Elle nous a ensuite laissé regarder l’atelier : il y avait collées au mur des dizaines de morceaux de papier - calques sur lesquels elle avait reproduit parfois en les coloriant des statues romaines, le Colisée, des scooters, des églises… et puis sur une autre table de nombreuses brochures et livres sur Rome. Quelqu’un lui a demandé pourquoi elle avait décidé de travailler sur du papier-calque. Elle a expliqué que, quand elle était arrivée, elle avait vu que les artistes venus précédemment avaient laissé des brochures sur Rome, elle les a feuilletées et s’est aperçue que toutes les images de Rome étaient déjà là.
Elle s’amuse donc à décalquer ce qu’elle trouve dans les livres de façon fidèle mais en mettant des couleurs très fortes. Elle compose directement au mur ; elle réalise des petits motifs et puis elle les déplace, elle change souvent l’organisation selon des rapports d’analogie. Emmanuelle Flandre a voulu voir en effectuant ce travail à partir de quel moment l’image devient un motif : parfois on connaît des œuvres d’art sans les avoir jamais vues.
Pour l’instant, elle désire s’approprier les lieux en image avant de les découvrir réellement de façon à avoir une connivence avec ce qu’elle a déjà dessiné. Son idée est donc celle de détourner les images comme elle avait par le passé détourné les objets et les matières.
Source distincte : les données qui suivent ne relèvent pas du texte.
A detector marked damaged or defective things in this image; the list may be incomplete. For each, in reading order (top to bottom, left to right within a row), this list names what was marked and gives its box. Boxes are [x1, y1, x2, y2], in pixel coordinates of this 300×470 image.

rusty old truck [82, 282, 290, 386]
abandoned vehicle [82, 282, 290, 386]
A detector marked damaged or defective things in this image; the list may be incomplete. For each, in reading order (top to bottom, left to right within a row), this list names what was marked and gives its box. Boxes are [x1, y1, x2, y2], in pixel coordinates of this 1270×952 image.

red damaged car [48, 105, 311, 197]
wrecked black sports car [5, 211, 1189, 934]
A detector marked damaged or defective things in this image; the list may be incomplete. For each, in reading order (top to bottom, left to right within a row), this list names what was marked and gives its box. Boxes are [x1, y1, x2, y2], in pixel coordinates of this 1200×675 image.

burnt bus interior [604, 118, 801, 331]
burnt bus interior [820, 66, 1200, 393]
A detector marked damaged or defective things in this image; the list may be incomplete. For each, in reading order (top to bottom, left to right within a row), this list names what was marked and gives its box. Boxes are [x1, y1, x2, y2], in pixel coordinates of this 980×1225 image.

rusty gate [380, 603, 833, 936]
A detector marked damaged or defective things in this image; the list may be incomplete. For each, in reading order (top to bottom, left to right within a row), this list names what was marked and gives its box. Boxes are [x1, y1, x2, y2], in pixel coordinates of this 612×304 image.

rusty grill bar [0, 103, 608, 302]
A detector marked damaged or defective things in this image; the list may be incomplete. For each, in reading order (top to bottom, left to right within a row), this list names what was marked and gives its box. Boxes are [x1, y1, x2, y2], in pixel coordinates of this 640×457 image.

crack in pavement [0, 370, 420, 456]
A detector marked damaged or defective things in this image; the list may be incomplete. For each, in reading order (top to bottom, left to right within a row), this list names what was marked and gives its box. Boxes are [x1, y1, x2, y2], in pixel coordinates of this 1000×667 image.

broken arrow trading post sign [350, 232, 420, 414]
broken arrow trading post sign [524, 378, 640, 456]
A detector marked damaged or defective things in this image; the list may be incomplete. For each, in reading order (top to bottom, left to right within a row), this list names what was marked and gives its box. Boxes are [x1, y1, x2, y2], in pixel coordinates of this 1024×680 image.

L’artiste en effet ne représente pas l’œuvre mais la représentation de l’œuvre, elle interroge notre reconnaissance des images. À partir de quand la représentation est-elle tellement usée qu’on ne sait plus d’où elle vient, où elle se trouve et qui l’a réalisée ?
Pour l’instant, et l’artiste souligne ce terme, pour l’instant elle veut travailler en respectant cette contrainte, mais elle ne sait pas encore ce que donnera son atelier à la fin de ces trois mois. Il se peut que le mur soit entièrement couvert de papier - calques ou au contraire il se peut qu’elle prenne un tout autre chemin.
La seule chose qu’il nous reste à faire est donc d’attendre et repasser par ici avant le 18 décembre pour voir comment a évolué l’atelier.